_What is needed_: Word for word, restate the entries below from their first line through the line that contains "ORION II RAF".

[Excerpts from a dataset]

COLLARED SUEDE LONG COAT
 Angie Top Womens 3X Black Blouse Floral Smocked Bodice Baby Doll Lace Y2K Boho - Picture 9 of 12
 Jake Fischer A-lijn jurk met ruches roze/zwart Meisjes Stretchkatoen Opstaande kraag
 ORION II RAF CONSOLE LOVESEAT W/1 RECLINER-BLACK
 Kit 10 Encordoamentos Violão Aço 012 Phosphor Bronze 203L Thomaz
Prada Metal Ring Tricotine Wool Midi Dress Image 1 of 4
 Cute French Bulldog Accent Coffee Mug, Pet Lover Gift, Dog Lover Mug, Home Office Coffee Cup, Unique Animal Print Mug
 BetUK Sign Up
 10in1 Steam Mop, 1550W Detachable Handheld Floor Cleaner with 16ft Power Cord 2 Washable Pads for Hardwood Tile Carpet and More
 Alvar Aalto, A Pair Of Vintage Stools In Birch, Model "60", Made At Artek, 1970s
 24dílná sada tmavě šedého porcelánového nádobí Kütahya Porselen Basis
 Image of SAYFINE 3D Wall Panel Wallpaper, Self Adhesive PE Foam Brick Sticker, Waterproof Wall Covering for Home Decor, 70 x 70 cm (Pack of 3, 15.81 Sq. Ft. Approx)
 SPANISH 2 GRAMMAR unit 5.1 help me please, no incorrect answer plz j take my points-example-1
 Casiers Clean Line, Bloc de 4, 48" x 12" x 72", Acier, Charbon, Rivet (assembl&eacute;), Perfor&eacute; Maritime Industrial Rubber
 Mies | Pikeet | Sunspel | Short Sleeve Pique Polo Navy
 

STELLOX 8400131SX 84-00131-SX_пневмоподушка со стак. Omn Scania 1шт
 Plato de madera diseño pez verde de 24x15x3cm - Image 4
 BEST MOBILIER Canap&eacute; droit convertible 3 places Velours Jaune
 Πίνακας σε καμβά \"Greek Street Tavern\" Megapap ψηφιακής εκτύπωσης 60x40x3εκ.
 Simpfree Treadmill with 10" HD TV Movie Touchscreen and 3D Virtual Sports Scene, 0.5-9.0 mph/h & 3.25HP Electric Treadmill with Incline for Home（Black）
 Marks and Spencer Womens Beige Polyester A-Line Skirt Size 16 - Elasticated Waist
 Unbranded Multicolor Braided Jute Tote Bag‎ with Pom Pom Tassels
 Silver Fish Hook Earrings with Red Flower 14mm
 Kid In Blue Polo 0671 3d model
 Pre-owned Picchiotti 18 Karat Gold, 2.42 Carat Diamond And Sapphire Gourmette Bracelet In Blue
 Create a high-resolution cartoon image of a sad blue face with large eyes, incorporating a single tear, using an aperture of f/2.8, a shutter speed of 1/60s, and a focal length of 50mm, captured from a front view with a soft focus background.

_Your solution_:
COLLARED SUEDE LONG COAT
 Angie Top Womens 3X Black Blouse Floral Smocked Bodice Baby Doll Lace Y2K Boho - Picture 9 of 12
 Jake Fischer A-lijn jurk met ruches roze/zwart Meisjes Stretchkatoen Opstaande kraag
 ORION II RAF CONSOLE LOVESEAT W/1 RECLINER-BLACK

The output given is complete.